- O presidente da OAB-SP, Leonardo Sica, disse apoiar uma investigação ampla sobre suspeitas envolvendo ministros do STF, sem citar nomes.
- Sica afirmou que a Procuradoria-Geral da República está em silêncio sobre o tema e que a entidade já mantém contato com a PGR para cobrar apurações.
- Ele informou que o objetivo é investigar “todos os fatos”, incluindo denúncias de caronas em jatos particulares, sem apontar magistrados específicos.
- O líder da OAB sugeriu que o STF adote normas de conduta duras antes das eleições de outubro, para evitar que o tema influencie o debate eleitoral.
- Até o momento, foram citados três ministros: Dias Toffoli, Alexandre de Moraes e Nunes Marques; Toffoli teria outros vínculos com o banco, e a esposa de Moraes teria contrato multimilionário com a instituição.
O presidente da OAB-SP, Leonardo Sica, defendeu nesta segunda-feira a abertura de uma investigação ampla sobre suspeitas envolvendo ministros do STF, sem citar nomes.
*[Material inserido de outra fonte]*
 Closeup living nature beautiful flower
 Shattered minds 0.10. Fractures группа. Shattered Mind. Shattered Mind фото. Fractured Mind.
Ele afirmou que a Procuradoria-Geral da República está em silêncio sobre o tema e que a apuração deve abranger todos os fatos. A declaração foi feita durante uma coletiva improvisada após um evento sobre temas do Poder Judiciário.
Sica representa a maior seccional da OAB e disse ter contato com a PGR para dar andamento às apurações. Ele enfatizou que o problema é a percepção de suspeição vinculada à imagem da Corte, não citando magistrados específicos. Segundo ele, as investigações devem ocorrer de forma ampla e responsável.
Para sustentar o debate, o presidente da OAB-SP mencionou a necessidade de normas de conduta mais rígidas no STF, inclusive antes das eleições de outubro. A ideia é reduzir o espaço para que temas de reputação institucional influenciem o pleito, conforme disse em entrevista aos jornais locais.
Fatos e cenários
Publicamente, o caso envolve reportagens que apontam supostas vantagens associadas ao que ficou conhecido como caso Master. Entre os nomes citados por veículos, aparecem ministros que teriam recebido viagens de jato e relações com instituições financeiras. A reportagem não confirma as acusações nem aponta culpabilidade.
A pauta ganhou contornos ao mencionar ministers Dias Toffoli, Alexandre de Moraes e Nunes Marques. Em reportagens, Toffoli é apontado em relação a vínculos com negócios ligados a bancos, e Moraes é citado com relação a contratos envolvendo a esposa, Viviane Barci de Moraes. As informações continuam em investigação e não há conclusão oficial.
A OAB mantém posição de cobrar a atuação da PGR, destacando que a Procuradoria tem papel central na condução de investigações que envolvam membros do Judiciário. Até o momento, não houve confirmação pública deبر sobre o andamento de apurações no STF.